A paper on egocentric vision
In the proposal they presented, they started with two cameras, one that moves, which could be that of a robot or a person, with the new camera glasses, and another that is fixed, such as a surveillance camera, another robot, an assistant, etc. From that point on, they are able to identify an object from one camera in the other. "For example, if a person is looking at a particular object, we are able to identify it on the fixed camera and vice versa. This, which might seem easy, is quite complicated as an object can be half covered or deformed in one of the cameras. There may also be several similar objects and it may not be easy to know which one is which. In addition, the camera worn by the person is constantly moving, so that many objects appear blurred".

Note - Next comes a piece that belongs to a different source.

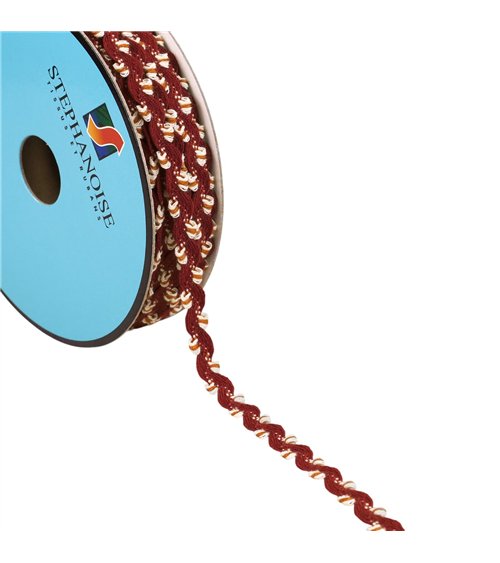 Bobine 25m serpentine festonnée 10mm rouge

Their research in computer vision allows them to identify the object at pixel level, that is, to know exactly which point of the image belongs to the object and which doesn't. "Our strategy, like many others that competitors have used, is based on artificial intelligence systems (neural networks) learning by showing thousands of videos, but unlike others, we have used other neural networks to help our system learn and then deduce the correct answer. In addition, we have invented a technique to help differentiate objects that are close to each other," explain María Santos and Lorenzo Mur.
More than 1000 hours of video
Last year saw the release of the largest and most comprehensive set of videos (it's over 1000 hours long) that exists on egocentric vision, EgoExo4D. "It has a lot of useful information and because it is so relevant and has so much potential, we decided to make the most of it to advance our research. When the challenge was announced, we had already been working on this task for some time, so we decided to participate," they say.
In total, some 40 teams from different countries participated. The challenge they faced "was very exciting, until the last day you didn't know what position you were in or if there was a much better team in another part of the world. Every day, our results were improving, but without knowing if they were enough to win, since we were competing with some of the best research laboratories in the world, from universities and leading technology centers, which are also working on this type of technology".
Lorenzo Mur and María Santos studied Industrial Technologies Engineering at the University of Zaragoza, he did the master's degree in Robotics, Graphics and Computer Vision and she did the master's degree in Industrial Engineering. They are currently pursuing their PhD in the Systems Engineering and Computer Science program, supervised by José J. Guerrero and Rubén Martínez-Cantín. Alejandro Pérez-Yus and Jesús Bermúdez-Cameo have also participated in the work they have brought to the Computer Vision Congress.
Looking ahead, both intend to continue in the world of research. “Right now, our main goal is to finish the thesis and continue developing our work in this line.”
They consider their experience in the RoPeRT research group and in the I3A "very enriching. It is an environment with people very involved and eager to continue in constant training, always aware of new advances in our field. We have the supervision of researchers who, in addition to having a lot of experience, are close to us and value people, which allows us to work in a safe and motivating environment. This is allowing us to grow a lot both technically and personally", they emphasize.
This is the second year that the Robotics, Computer Vision and Artificial Intelligence research group (RoPeRT) obtains this international recognition at the Computer Vision Congress, the most important in the world in this field.